I like to account for lumpy expenses by assuming there will always be a car loan and home maintenance will cost 1% of value each year.
I haven't had a car payment in 4 years but if I had to it wouldn't put me over my maximum safe spend limit. The house maintenance ran over two years, but over all the 1% guesstimate is holding true.
So the years the lumpies hit (new roof, new patio, etc.) they're accounted for, the years they don't hit I don't just spend the money just to meet my maximum withdrawal.
 
Since I put together a fairly detailed budget, there is a line for lumpy expenses. Since we are in our 5th year of retirement, we have some history on these costs.
Plus we have a separate emergency fund for a potential very large unexpected expense.

+1
 
I normally spend less than half of what Firecalc says I can for 100% portfolio longevity probability, so even in the years with lumpy expenses, I'm still well below what I consider a reasonable level of spending.
 
We approached lumpy expenses in a couple of categories. Home expenses were the hardest to model as we moved to a new home shortly before pulling the plug. I found lots of estimates like % of home value, etc…, but I think what was most helpful was pulling out all of the major stuff and looking at average lifespan and cost. And then adding in a buffer for the extras you don’t think about. We bought a 20 yr old home, so have front loaded an lot of expenses. We also underestimated the number of improvements we would want to make.

Other lumpy expenses like cars/kids college, etc… are more straightforward and I modeled those out in a spreadsheet by year.
 
Our budget includes one major project per year. So far, after eight years, that has worked well.
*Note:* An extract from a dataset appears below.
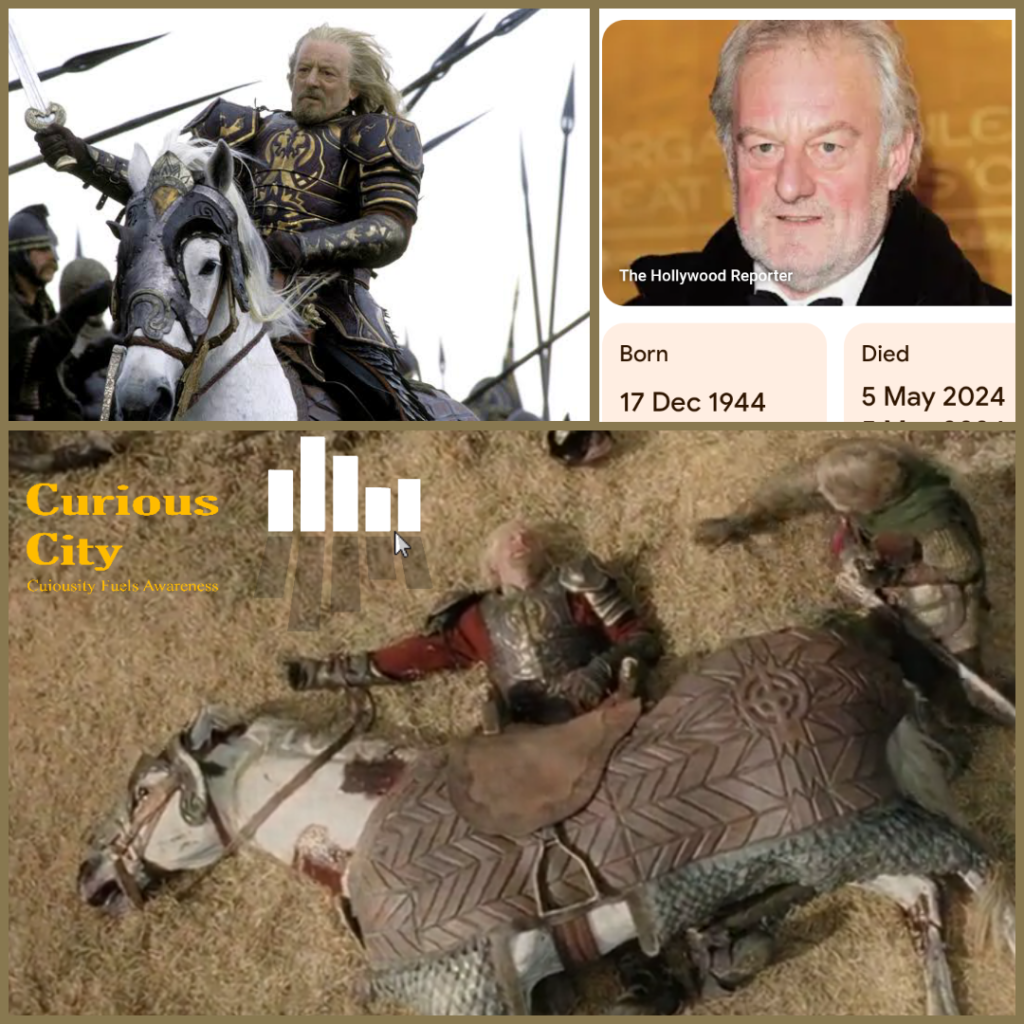 Bernard Hill dies at 79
We're almost done with the "wanted" home projects, so I suspect we'll start to reinvest those monies when we don't use them. Right now, our cash bucket is a little full, but we're OK with that.
 
Got me to take a look at my spreadsheet. We have spent $52k the past 2 years even with a bit of travel and no one-off lumps.
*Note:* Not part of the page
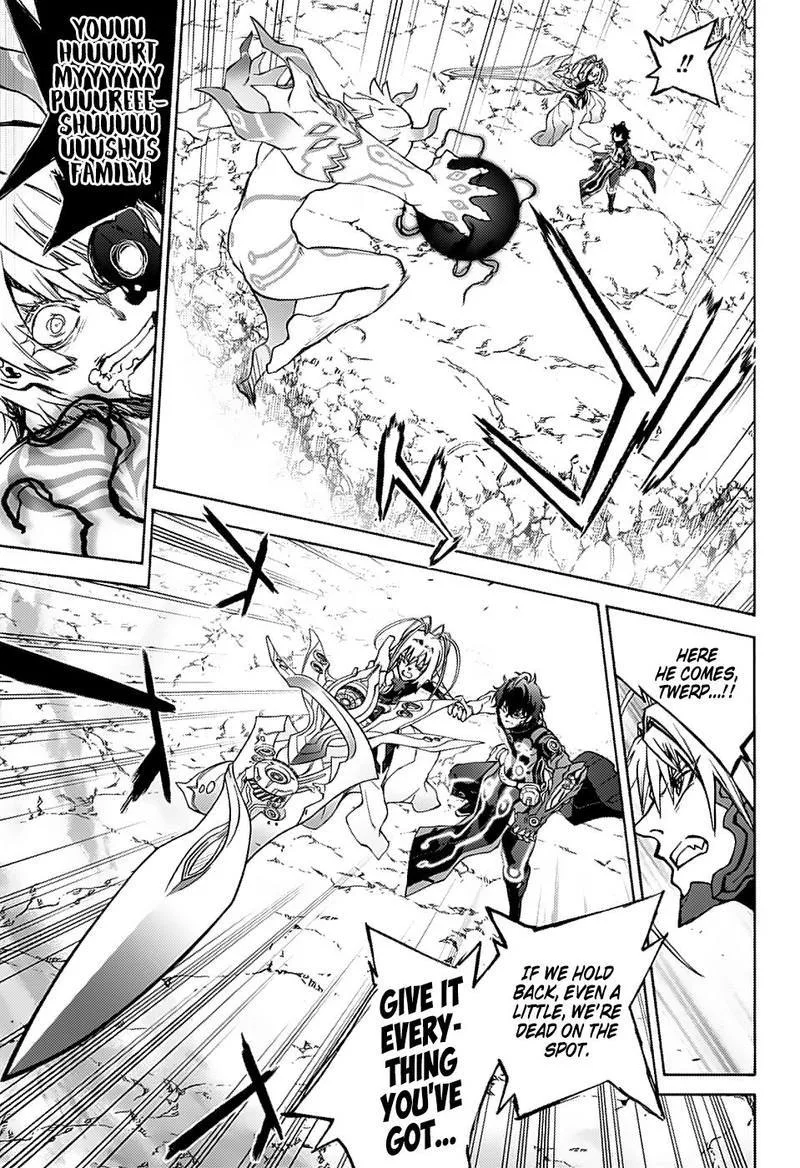 Sousei no Onmyouji Chapter 71 page 38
We plan to spend $65k+ inflation + lumps for health, maintenance and car replacement every 6-7 years ($5k-$40k annually). These gradually increase $15k-$65k annually over a 30 year period.

So far, so good.
 
We mentally set aside about 20% for lumpy, "whatever happens/whatever we need" expenses. Some years are better than others.
We've mostly been trying to put off those lumpy expenses until we start my wife's Social Security. Our luck has been fairly good so far.
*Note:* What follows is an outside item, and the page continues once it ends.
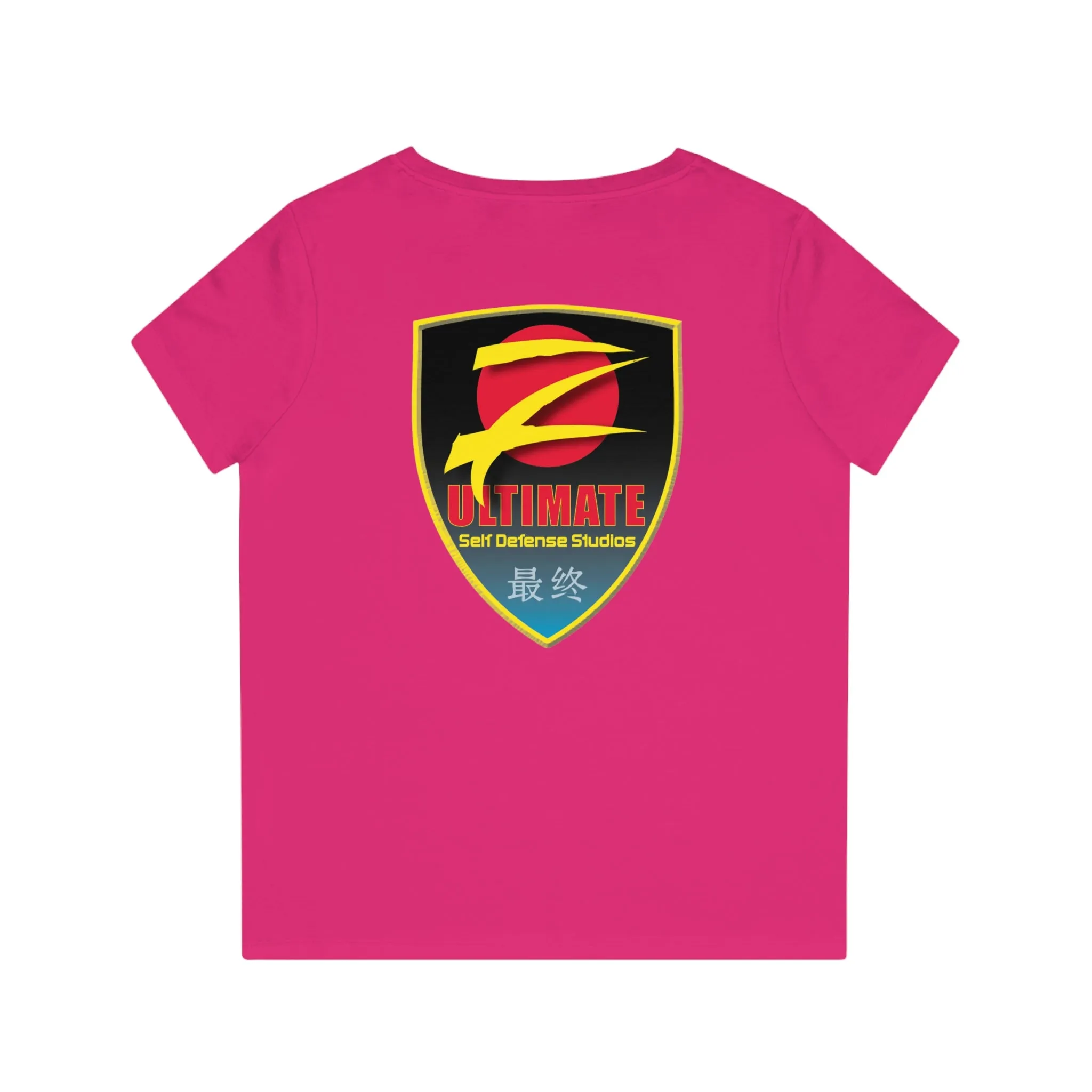 Z-Ultimate Women's Evoker V-Neck T-Shirt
Our adult daughter recently needed a car, so we decided to replace my wife's car a year earlier than planned and hand down her old one. My wife has gotten more hours than expected in her part time job, and the expense seemed reasonable.

The main expenses we're postponing are a new driveway and recessed ceiling lights (about 15) for the house.
 
Yes. You have to.

The 4% (or 3% or whatever number you want to use) includes all money being spent, not a subset.

Depends on how you think about it. I have planned based on 3% yet I trust the 4% number. That extra 1% is my lumpy expense fund. I have also done spreadsheets with the annual accounting fiction of earmarking funds for designated expenses (new car, large house maintenance, and so on) but as we rapidly approach retirement and all of the possible changes in lifestyle that it will include I don't think that predicting lumpy expenses at that level is any more accurate or useful.
 
Depends on how you think about it. I have planned based on 3% yet I trust the 4% number. That extra 1% is my lumpy expense fund. I have also done spreadsheets with the annual accounting fiction of earmarking funds for designated expenses (new car, large house maintenance, and so on) but as we rapidly approach retirement and all of the possible changes in lifestyle that it will include I don't think that predicting lumpy expenses at that level is any more accurate or useful.
That seems to be another way of saying the same thing. Your have identified
your ultimate SWR as 4% which includes all spending including potential lumpy expenses that may never occur. Sounds like your actual spending tends to be below your SWR which is a safe place to be. I do something similar at a slightly lower SWR. I track the unspent $ in a virtual account that I can tap if I want to splurge on something way beyond lumpy.
 
You could say that although 1% is much more than what I estimated by lumpy costs would be if spread out evenly.